SUPPLIED MATERIAL =>
══════════

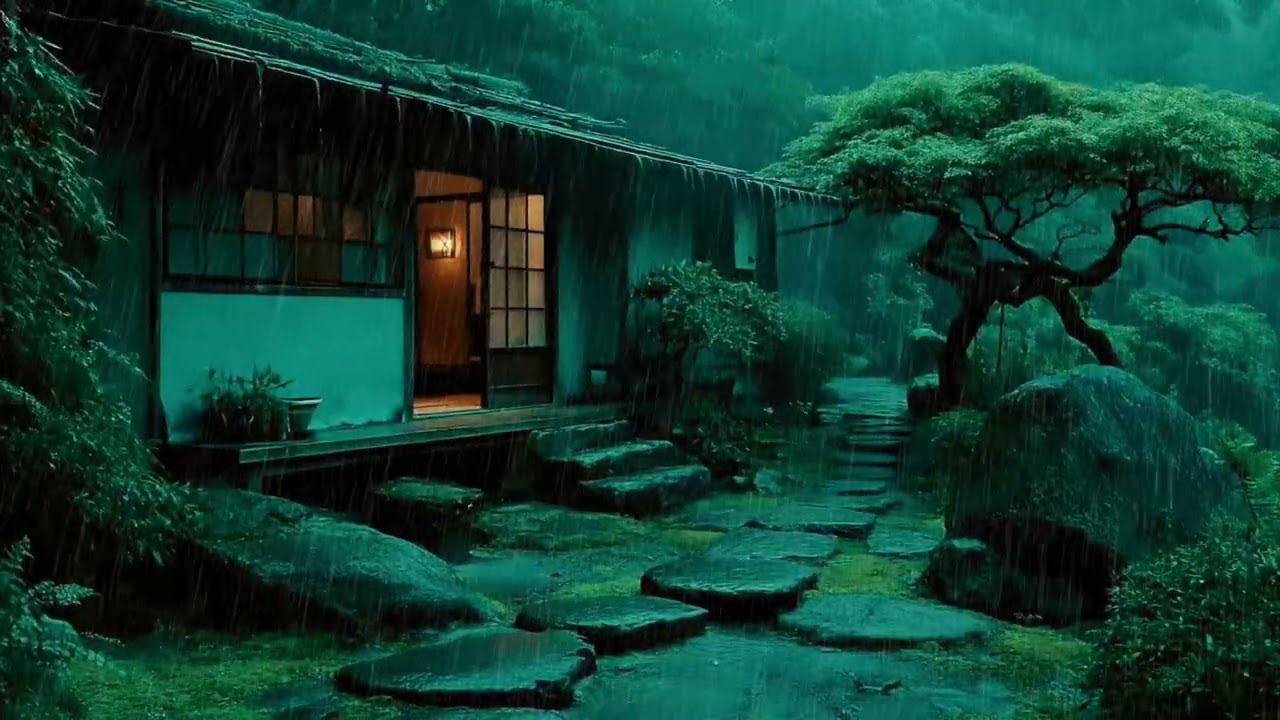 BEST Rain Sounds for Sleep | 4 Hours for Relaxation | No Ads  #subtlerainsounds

══════════

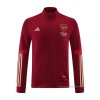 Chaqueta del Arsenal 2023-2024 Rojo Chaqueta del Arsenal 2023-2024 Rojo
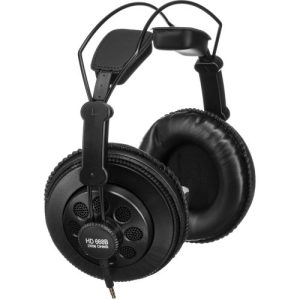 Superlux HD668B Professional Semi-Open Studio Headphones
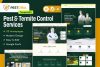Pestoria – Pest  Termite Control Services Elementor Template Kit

══════════

YOUR GOAL => Using the data above, retype exactly the lines from the line with "Chaqueta del Arsenal 2023-2024 Rojo Chaqueta" to the line with "Pestoria – Pest", inclusive. No pictures and nothing else.

RESPONSE AREA =>
 Chaqueta del Arsenal 2023-2024 Rojo Chaqueta del Arsenal 2023-2024 Rojo
 Superlux HD668B Professional Semi-Open Studio Headphones
Pestoria – Pest  Termite Control Services Elementor Template Kit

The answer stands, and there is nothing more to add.